Copy out the data line by line exactly, from its start to the line bearing "海角HJ90ccOW：畅享高清影视，发现更多精彩 海角社区 第1张", inclusive.

================================

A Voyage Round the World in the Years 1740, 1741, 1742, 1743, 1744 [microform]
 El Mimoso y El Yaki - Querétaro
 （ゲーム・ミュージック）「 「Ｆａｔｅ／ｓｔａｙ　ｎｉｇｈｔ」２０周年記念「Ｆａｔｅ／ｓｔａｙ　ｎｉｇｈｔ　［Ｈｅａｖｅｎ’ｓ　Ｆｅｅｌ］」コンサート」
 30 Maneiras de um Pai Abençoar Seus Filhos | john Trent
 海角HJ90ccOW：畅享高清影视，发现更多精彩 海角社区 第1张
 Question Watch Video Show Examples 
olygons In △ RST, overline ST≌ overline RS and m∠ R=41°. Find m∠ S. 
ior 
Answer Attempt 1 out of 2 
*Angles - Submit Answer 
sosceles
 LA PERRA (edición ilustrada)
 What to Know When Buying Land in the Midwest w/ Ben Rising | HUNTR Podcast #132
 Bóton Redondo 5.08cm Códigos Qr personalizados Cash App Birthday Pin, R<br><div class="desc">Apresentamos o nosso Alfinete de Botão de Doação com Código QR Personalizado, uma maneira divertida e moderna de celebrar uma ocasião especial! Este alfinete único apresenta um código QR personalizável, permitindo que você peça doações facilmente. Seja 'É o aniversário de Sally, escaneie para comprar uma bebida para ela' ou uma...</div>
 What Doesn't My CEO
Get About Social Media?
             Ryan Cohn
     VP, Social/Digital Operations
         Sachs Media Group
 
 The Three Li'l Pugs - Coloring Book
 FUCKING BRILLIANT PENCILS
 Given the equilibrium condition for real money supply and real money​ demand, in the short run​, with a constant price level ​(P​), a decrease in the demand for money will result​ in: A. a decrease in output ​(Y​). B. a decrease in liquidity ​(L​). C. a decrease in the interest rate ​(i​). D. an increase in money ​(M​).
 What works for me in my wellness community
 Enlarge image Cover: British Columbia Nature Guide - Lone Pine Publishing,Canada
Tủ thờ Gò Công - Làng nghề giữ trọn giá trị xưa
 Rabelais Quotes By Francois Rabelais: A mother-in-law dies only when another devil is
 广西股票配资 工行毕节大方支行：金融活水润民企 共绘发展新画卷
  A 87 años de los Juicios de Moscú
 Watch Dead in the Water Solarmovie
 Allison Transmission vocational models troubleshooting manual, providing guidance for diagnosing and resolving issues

================================

▸ WRITTEN RESPONSE:
A Voyage Round the World in the Years 1740, 1741, 1742, 1743, 1744 [microform]
 El Mimoso y El Yaki - Querétaro
 （ゲーム・ミュージック）「 「Ｆａｔｅ／ｓｔａｙ　ｎｉｇｈｔ」２０周年記念「Ｆａｔｅ／ｓｔａｙ　ｎｉｇｈｔ　［Ｈｅａｖｅｎ’ｓ　Ｆｅｅｌ］」コンサート」
 30 Maneiras de um Pai Abençoar Seus Filhos | john Trent
 海角HJ90ccOW：畅享高清影视，发现更多精彩 海角社区 第1张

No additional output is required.